▶ _INPUT FOR THIS TASK_:
◆ ◆ ◆
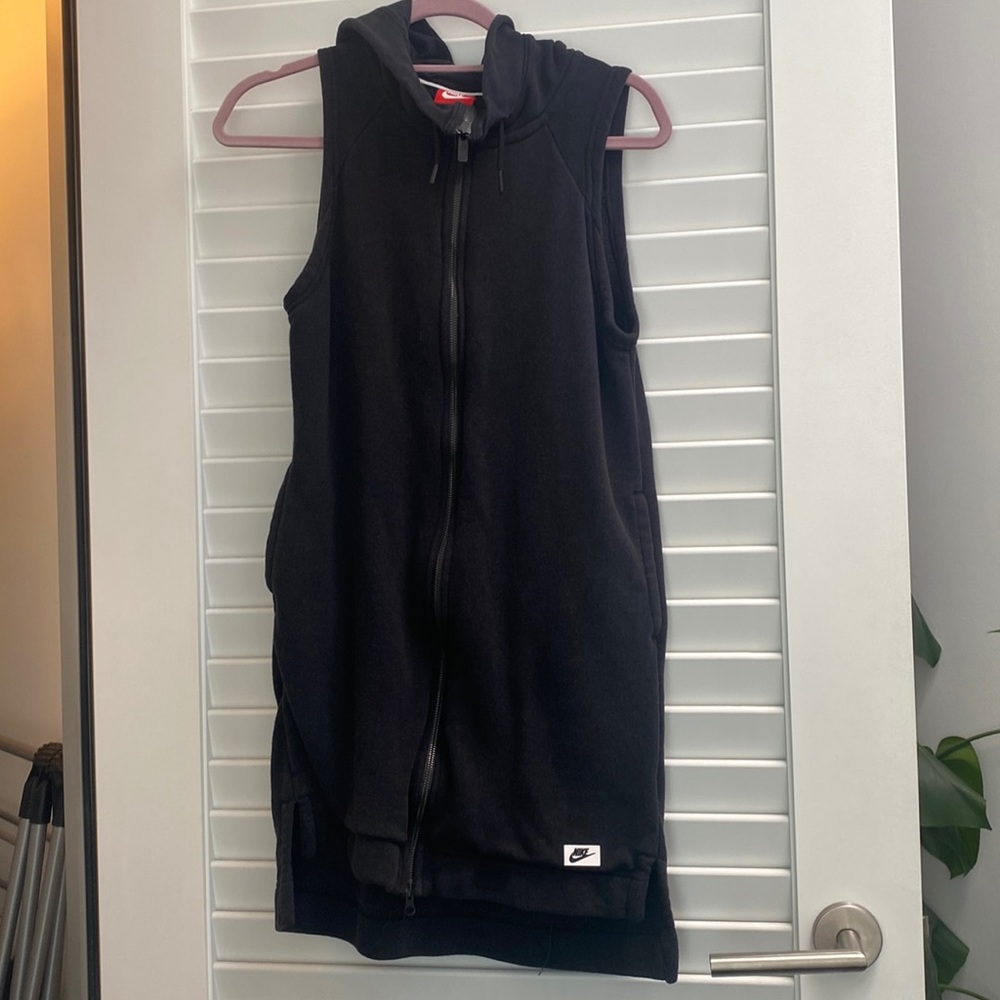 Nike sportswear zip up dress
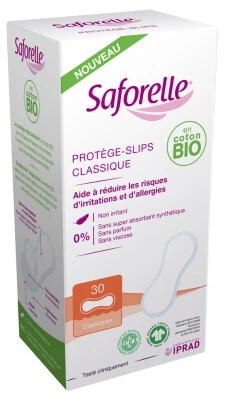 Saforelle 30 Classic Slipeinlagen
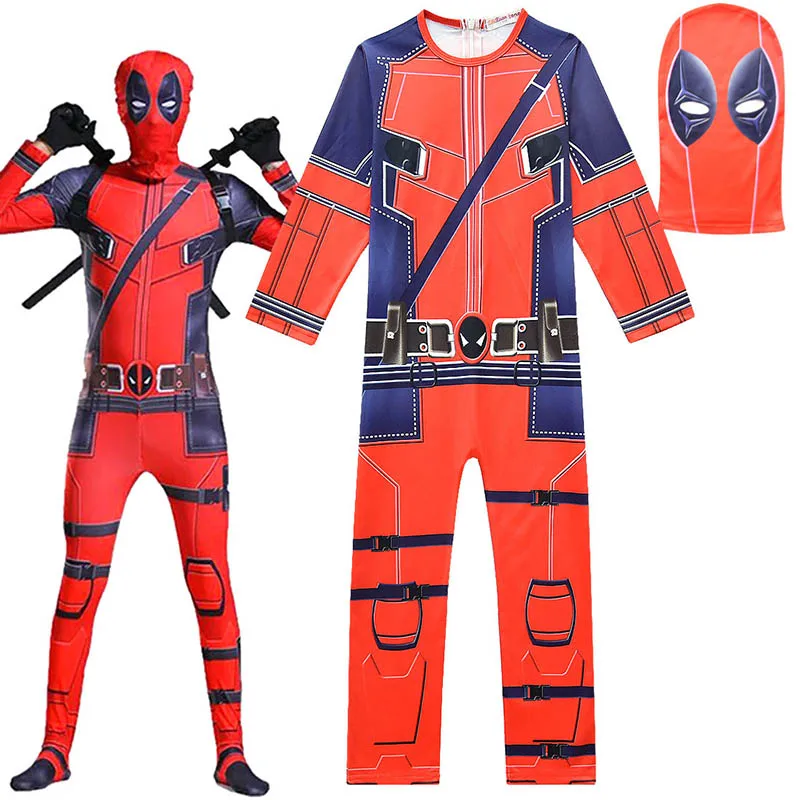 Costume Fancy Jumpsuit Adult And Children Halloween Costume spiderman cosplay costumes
◆ ◆ ◆
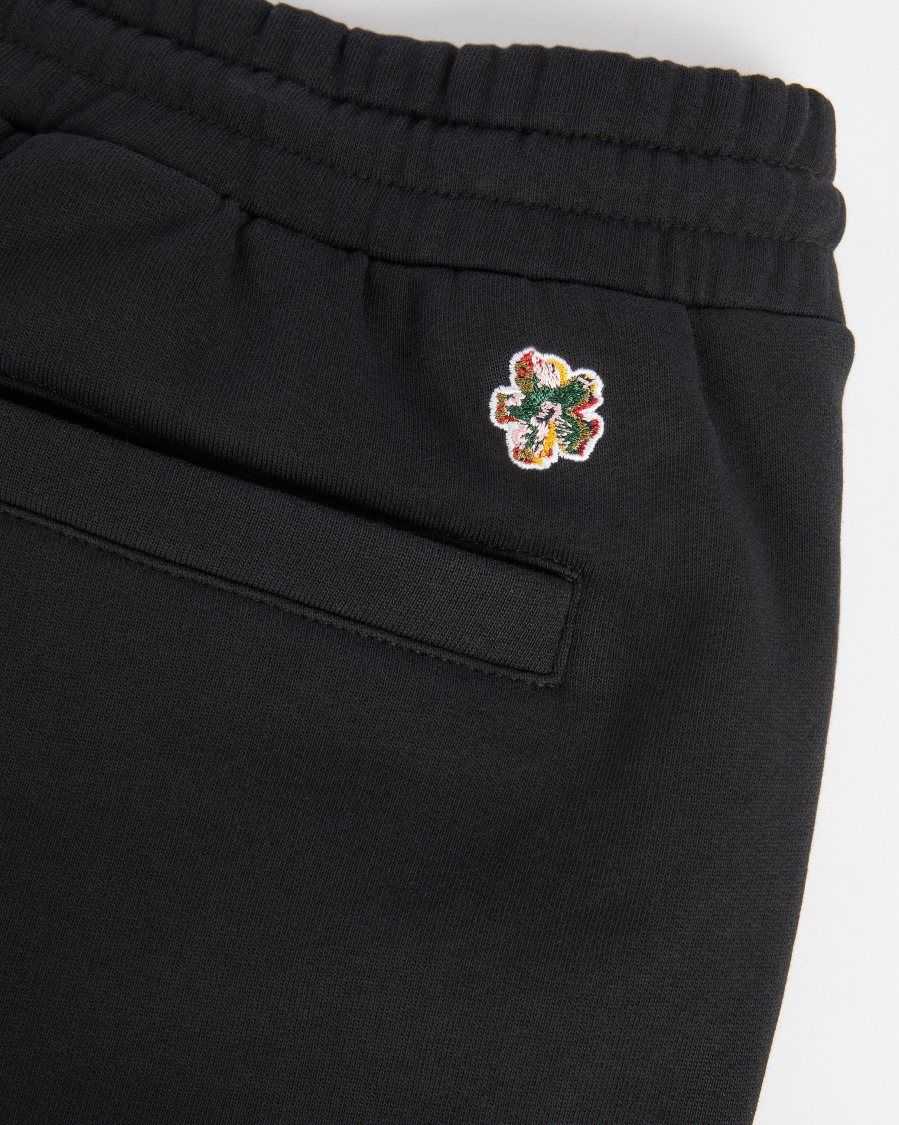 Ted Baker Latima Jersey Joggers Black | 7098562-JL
◆ ◆ ◆
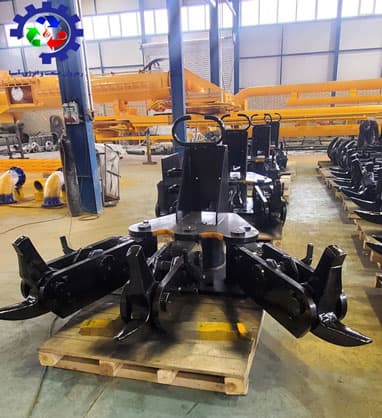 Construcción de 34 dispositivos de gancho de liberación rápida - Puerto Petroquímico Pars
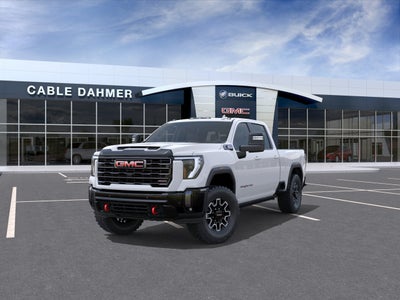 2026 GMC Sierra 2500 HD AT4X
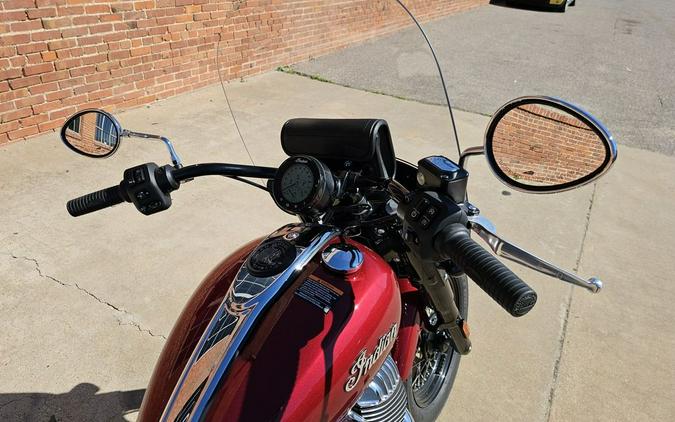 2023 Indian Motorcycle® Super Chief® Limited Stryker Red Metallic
◆ ◆ ◆
▶ _EXERCISE DETAILS_: Take the material above from the line containing "Saforelle 30 Classic Slipeinlagen" up to and including the line containing "Costume Fancy Jumpsuit" and retype it exactly, without any pictures.

▶ _EXERCISE RESPONSE_:
 Saforelle 30 Classic Slipeinlagen
 Costume Fancy Jumpsuit Adult And Children Halloween Costume spiderman cosplay costumes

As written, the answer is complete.